MATERIALS PROVIDED Block Start
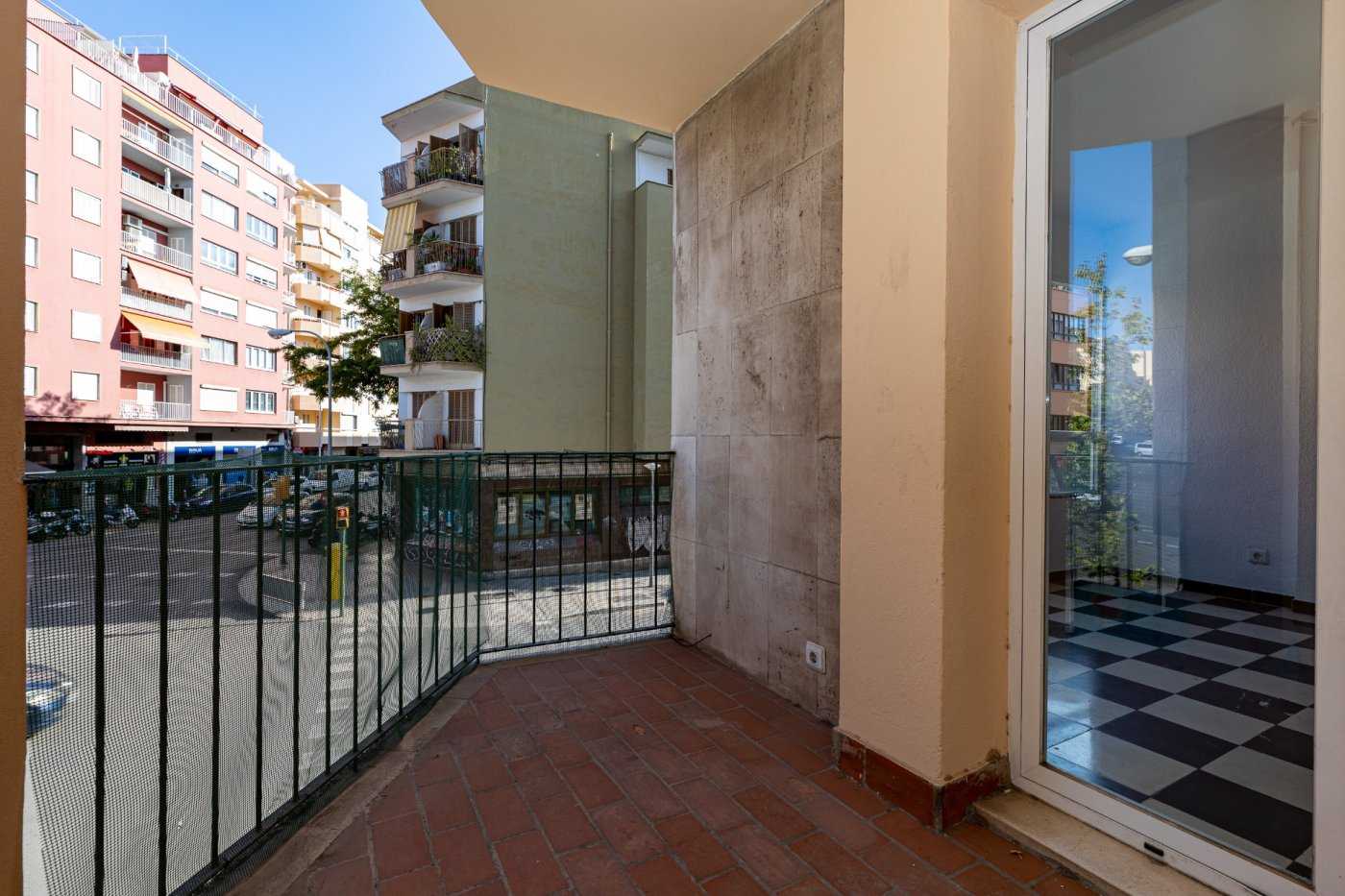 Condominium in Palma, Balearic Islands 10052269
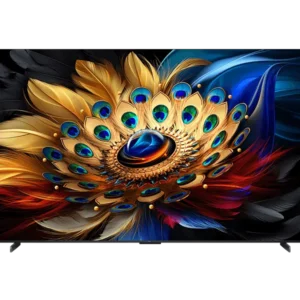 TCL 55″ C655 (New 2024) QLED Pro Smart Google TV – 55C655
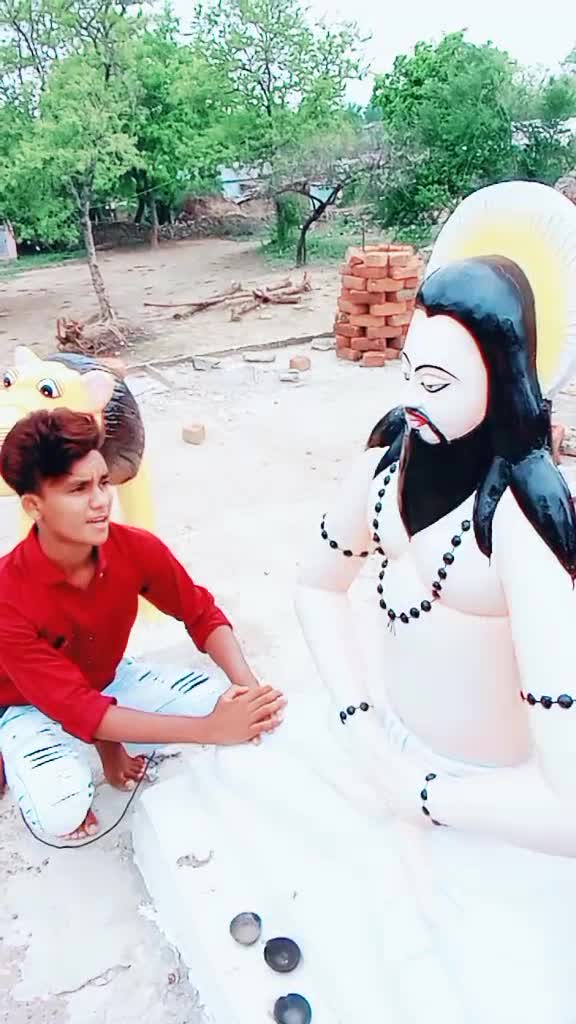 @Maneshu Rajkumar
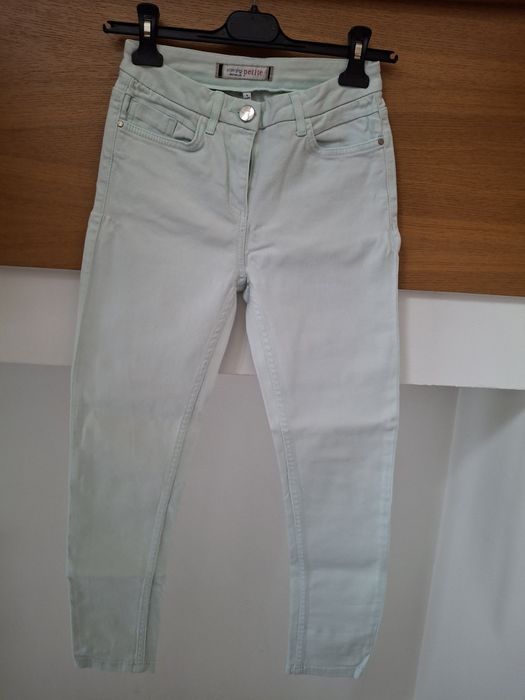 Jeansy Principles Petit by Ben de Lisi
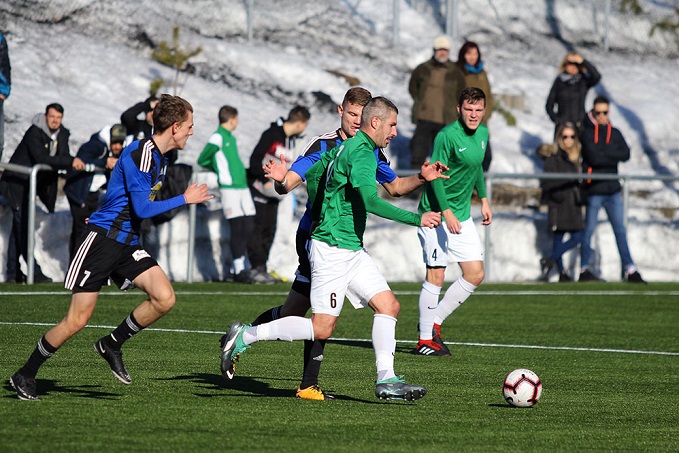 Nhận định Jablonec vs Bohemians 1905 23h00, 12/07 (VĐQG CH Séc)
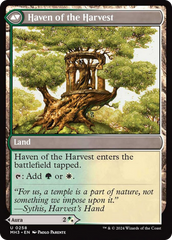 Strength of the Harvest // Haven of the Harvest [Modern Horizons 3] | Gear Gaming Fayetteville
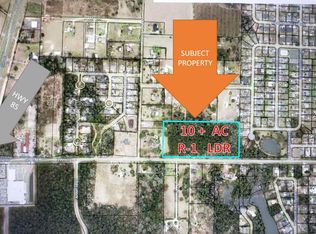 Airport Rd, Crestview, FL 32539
MATERIALS PROVIDED Block End
### TASK REQUIREMENTS
Here the job is to print the data above exactly, except for any pictures.

### RESULT
 Condominium in Palma, Balearic Islands 10052269
 TCL 55″ C655 (New 2024) QLED Pro Smart Google TV – 55C655
 @Maneshu Rajkumar
 Jeansy Principles Petit by Ben de Lisi
 Nhận định Jablonec vs Bohemians 1905 23h00, 12/07 (VĐQG CH Séc)
 Strength of the Harvest // Haven of the Harvest [Modern Horizons 3] | Gear Gaming Fayetteville
 Airport Rd, Crestview, FL 32539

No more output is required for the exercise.